THEY’VE seen it all in “Hair” and heard it all in “The Vagina Monologues.”
But will audiences flock to a Broadway musical that hangs on the question, “To pee or not to pee?”
We’ll soon find out when “Urinetown: The Musical” opens on the Great White Way.
The quirky show started at the New York International Fringe Festival a couple of summers ago, then opened this spring in the American Theater of Actors, a dumpy, tiny off-off-Broadway theater no one ever heard of.
Propelled by rave reviews, “Urinetown” is trickling along the path paved by “Rent” to the seediest Broadway playhouse available, the all-but-derelict Henry Miller.
But Broadway it is, and a top-flight team has put its formidable weight behind “Urinetown” – from the producers of “The Vagina Monologues” and “The Dinner Party,” to Edward Strauss, musical director of hits such as “A Funny Thing Happened on the Way to the Forum” and “Guys and Dolls.” Even John Cullum, the two-time Tony winner, stars in “Urinetown.”Now all it needs is an audience that wants to pay $75 to see a self-conscious musical parody about a mythical place where it’s no longer free to pee.
In London late last summer, I found myself sitting next to Cullum at the National Theater’s production of Arthur Miller’s “All My Sons.”
I asked him what he was going to do next.

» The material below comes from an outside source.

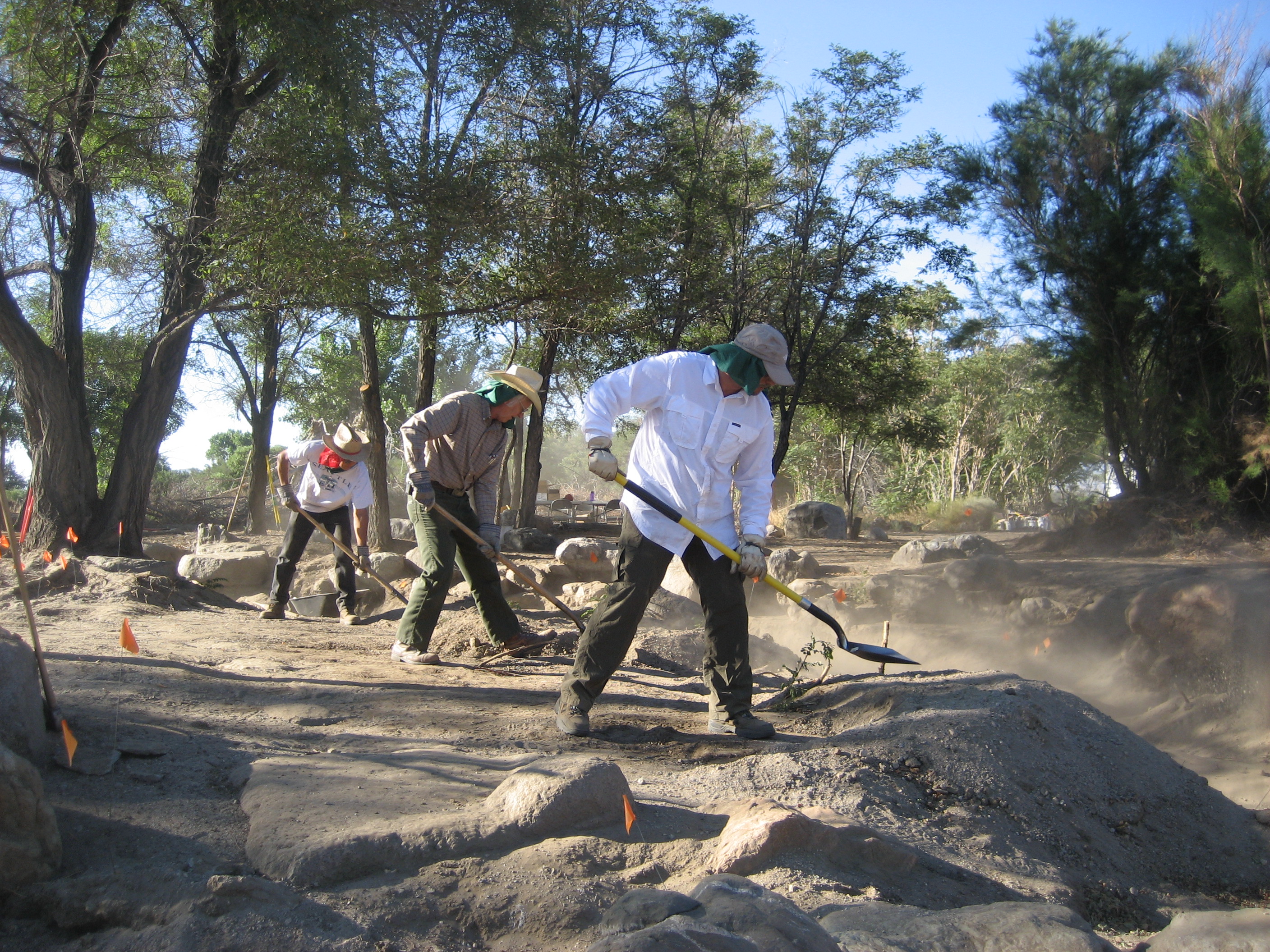 Dust flies as three volunteers with shovels dig out the upper pond at Merritt Park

He smiled mysteriously and said: “It might be a surprise.” Boy was it ever.
In “Urinetown,” he plays Machiavellian villain Caldwell B. Cladwell, who in times of ecological disaster and its subsequent drought takes over the town’s water.
His corporation also bans private bathrooms, institutes the instant disappearance of anyone caught informally relieving themselves alfresco, and charges a prohibitive price for the use of the town’s public toilet facilities.
There are lots of big song-and-dance numbers wrapped around a love story, a tragedy, a people’s revolution and an adorable little street urchin who falls in love with the hunky leader.It’s a mixture of sophistication and naivete, of down-at-the-heel glamour and Broadway chic, and it won the startled hearts of virtually every critic who saw it.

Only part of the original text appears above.